Moving Half a Million Database Tables to AWS Aurora (Part 2)

Quick recap: Migrate half a million database tables from a single bare metal server with 1 database to 101 database slices on AWS Aurora.

Wait, half a million database tables?! Answered in Part 1.

Plan

1. Stop the server, take an LVM snapshot.
2. Use mydumper to dump the snapshot to SQL files.
3. rysnc these to the new server.
4. Use myloader to load the SQL files into the new databases.

A more detailed view of our plan as seen in our migration kanban

Captain Not So Obvious

Why not setup the Aurora as a replica and then switch over?

Because our MariaDB server was a bare metal box outside of AWS. The read Replica docs imply that MySQL has to already be in AWS for that to work. If that’s not enough this doc says use mysqldump to start, then sync after. This doc also says use mysqldump. All signs point to nope.

Why not DMS?

Answered in Part 1.

Mostly, at the end of the day, because our hosted networks are already on AWS it was simply more cost effective to shut down our freemium site and migrate in one swoop than to have our whole team keep at this for weeks, possibly months.
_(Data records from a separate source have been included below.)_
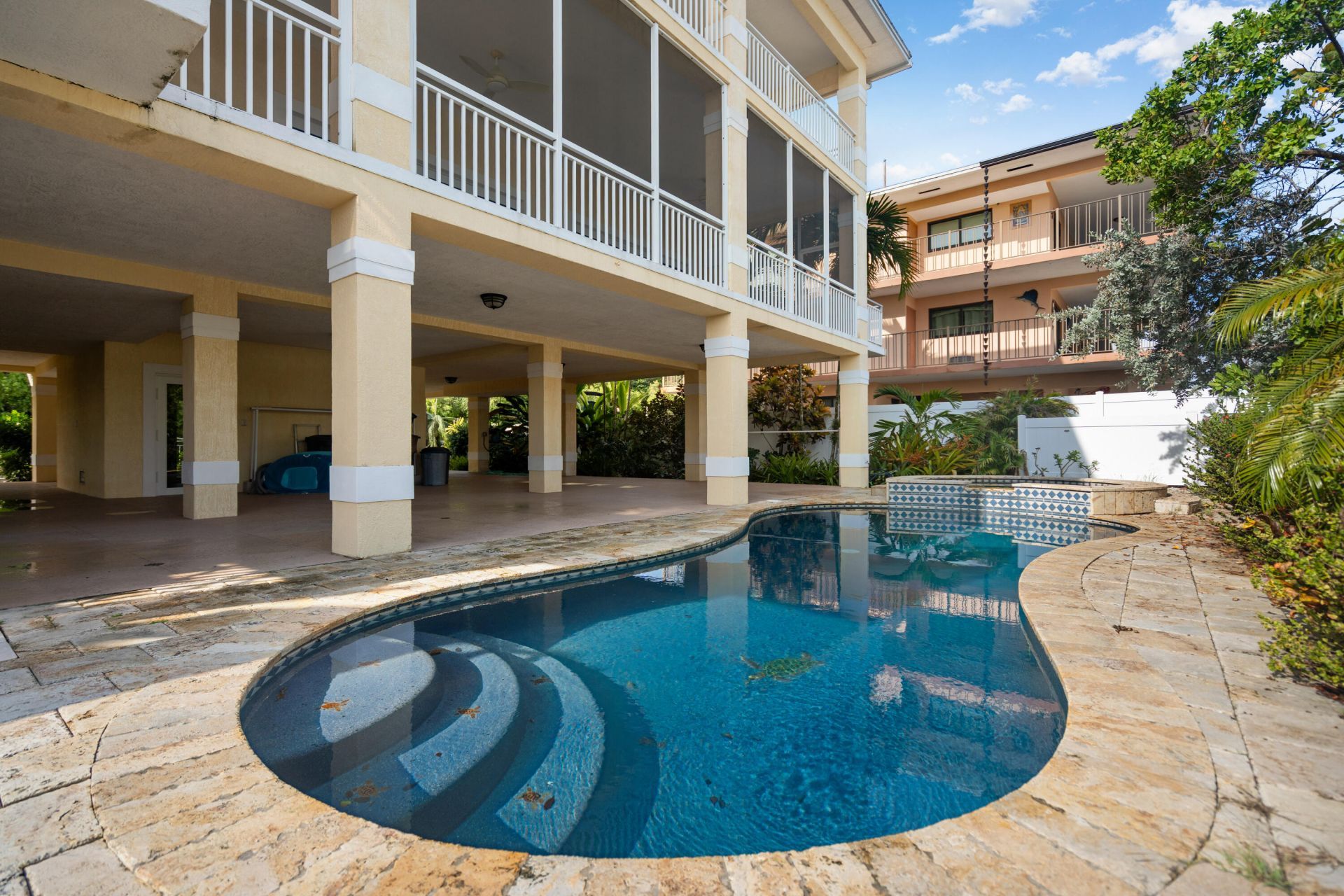 52 S Andros Road, Key Largo, FL 33037 Photo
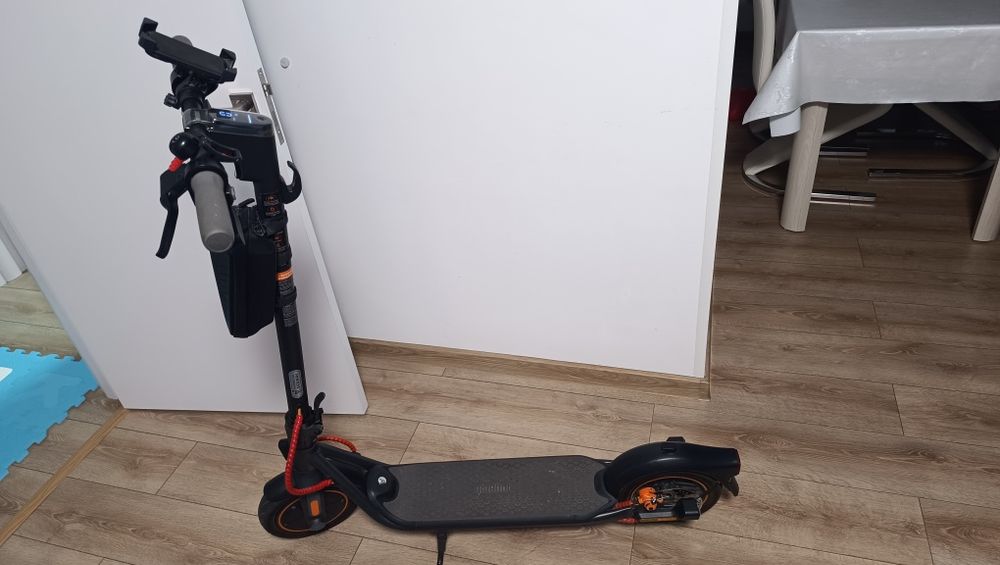 Trotineta electrica Ninebot by Segway F40i  autonomia 40 km
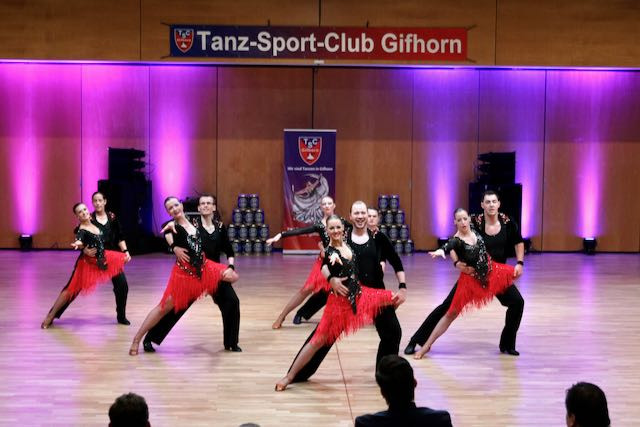 Schillernder Tanz-Abend für 500 Gäste in Gifhorn - Hier sind die schönsten Fotos vom Festival der Breitensportformationen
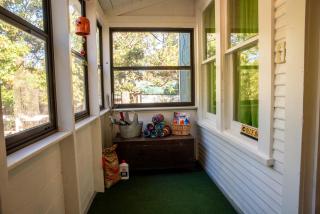 The Bluebird Cottage Style Cabin with Hot Tub near Turner Falls and Casinos - Davis - 1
Epilogue: What About Uploads?

Each book has media library files (GIF, PNG, JPG, EPUB, PDF, etc). A few days before the migration, we copied all files from the production server’s uploads/ directory using rsync:

rsync -avz -e "ssh -o StrictHostKeyChecking=no -o UserKnownHostsFile=/dev/null" someuser@oldpressbooksdotcom:/path/to/uploads/ /path/to/uploads/ --progress

This process took about 10 hours.

Then, on migration day, we ran the same command again with the --delete option to update the new server with the latest files from the old server and remove any files that have been deleted on the old server:

rsync -avz --delete -e "ssh -o StrictHostKeyChecking=no -o UserKnownHostsFile=/dev/null" someuser@oldpressbooksdotcom:/path/to/uploads/ /path/to/uploads/ --progress

Much quicker! (around 7 minutes)

Launch it!

“If we get into the trees it could be rather disastrous, so we’ve got to hit the roses.” – Ken Carter

Scripts from Part 1 (read it already!) were modified to include Slack notifications:

notify() {
  read -d '' payLoad << EOF
  {
    "channel": "#operations",
    "username": "Pressbot",
    "icon_emoji": ":closed_book:",
    "text": "Slice \`${1}\` has been imported on AWS."
  }
EOF

  curl \
    --write-out %{http_code} \
    --silent \
    --output /dev/null \
    -X POST \
    -H 'Content-type: application/json' \
    --data "${payLoad}" "https://hooks.slack.com/services/<SLACK_WEBHOOK_ID>"
}

# Usage

notify $slice
Slack enhanced scripts.

In an effort to reduce downtime we imported slices as soon as they were transferred. Dumping was faster than imports.

Pressbot
Still slacking!

Ned working hard:

Ned
screen -r, control+a control+d, repeat

All while coding sprint tasks in between.

Things That Went Wrong

We noticed an embarrassing typo in the first few database slices we imported. We had to redo them because renaming a database with tens of thousands of tables in it is not obvious.

I ordered takeout from the wrong fish & chips shop. I had to take a subway 30 minutes to downtown to get it. (Psst Foodora, your geolocation feature sucks!)

Otherwise, nothing. We landed in the roses.

Timeline

  • 8:00: Migration started.
  • 10:40: Database migration started.
  • 19:10: Database migration completed!
  • 19:30: Migration completed.
  • Total time: 11 hours 30 minutes.

DONE. Exciting to turn the page on this. Thanks for reading.

Moving Half a Million Database Tables to AWS Aurora (Part 1)

This post is about migrating Pressbooks.com to AWS.

Does It Scale?

At Pressbooks we use WordPress Multisite as a development platform. Pressbooks changes WordPress and makes every blog a book.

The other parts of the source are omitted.